A STEP-LADDER APPROACH
His broad plan was to focus on an indication for PTX- 200 that would give investors a little bit of excitement and then raise enough money to run all three programs and a subsequent amount of money to get PTX-100 back into the clinic and position it as a differentiator.
“We didn’t have the funds to really get the PTX-200 breast cancer study going, nor did we have the money to focus on PTX 100 — the manufacturing cost was prohibitive,” he says.
Ultimately, AML (acute myeloid leukemia) was chosen as that new focus indication. He admits making these kinds of decisions is easier when you’re not the founding scientist of the company and a particular indication or drug is “your baby.” As an investment banker, he was trained to exhibit cold-hearted objectivity where NPV (net present value) drove decisions, not emotions. “If it adds value, I’ll consider it. If it doesn’t, you’ve really got to convince me. I’m not in love with any science; I let the science tell me the answers rather than vice versa.”
"If it adds value, I'll consider it. If it doesn't, you've really got to convince me. I'm not in love with any science; I let the science tell me the answer rather than vice versa."
CEO and managing director, Prescient Therapeutics
To address the company’s funding problem, using his knowledge of the markets, he was quickly able to raise $10 million without the help of an investment bank. Simultaneously, his plan included backfilling the pipeline via some in-house development while also seeking partners for some programs and additional clinical assets. All of that is still currently in the works (e.g., the company is working on version 2.0 of PTX-200).
“When you’re starting as a small company with no money, you have to sort of take a step-ladder approach to trying to ‘get over the wall;’ you need a good diversified pipeline that mitigates risk while simultaneously providing different leverage points,” says Yatomi-Clarke. “To me, biotechs are either raising money or planning to raise money.”
As a small biotech with limited funds, Prescient has had to minimize its fixed costs and other expenses. For example, there are only about 13 people who work for the company, some full time, some part time, and a few consultants. Early on, the company didn’t even hire a CRO to run some of its clinical trials. “That was a huge time and management challenge for us,” he says. “For instance, obviously when you are conducting a clinical trial, there needs to be a lot of documentation. But when I joined, much of that data wasn’t organized efficiently, so we had to spend a lot of time tracking down information, backfilling gaps, and creating appropriate operating procedures.”

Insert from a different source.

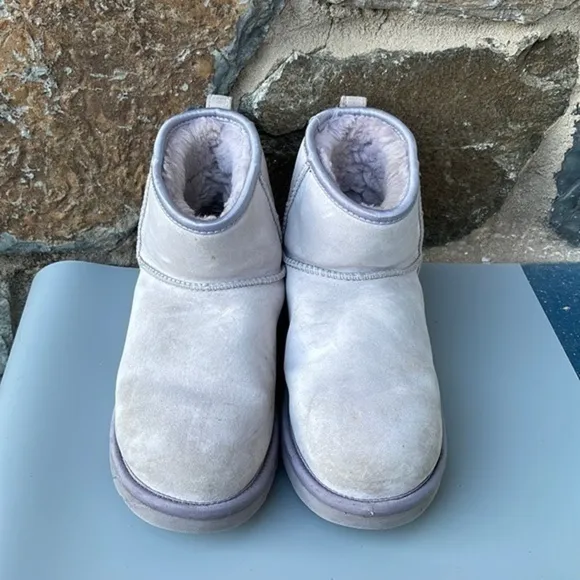 UGG Classic Mini SWAROVSKI CRYSTAL Bow Low Boots LILAC Size 7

Earlier this year, Yatomi-Clarke helped lead another round of financing — this time with the assistance of an investment bank — that netted the company approximately $9 million. That will come in handy as the company progresses to using its first CRO for an upcoming basket trial for PTX-100, which also will be the first time a Prescient trial includes some Australian sites.

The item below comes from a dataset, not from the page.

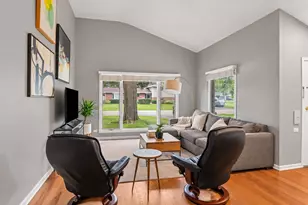 535 Edens Ln, Northfield, IL 60093 - Photo 6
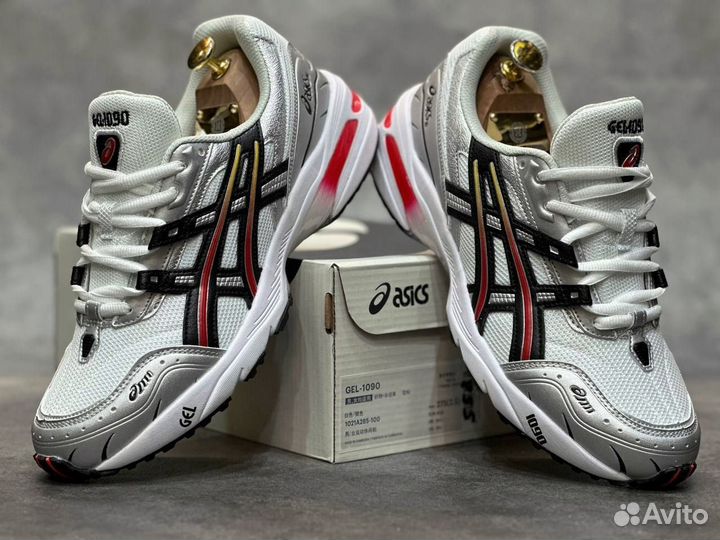 Asics белые разм. 42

Yatomi-Clarke acknowledges that achieving these kinds of small advancements is just part of the steep learning curve for his second career. “Making this transition from banker to biotech CEO was tougher than I expected, and there’s no shortcut to understanding the science,” he says. “I have no regrets, though, especially when I consider that we are developing drugs that have the potential to treat a range of cancers that have become resistant to front-line chemotherapy.”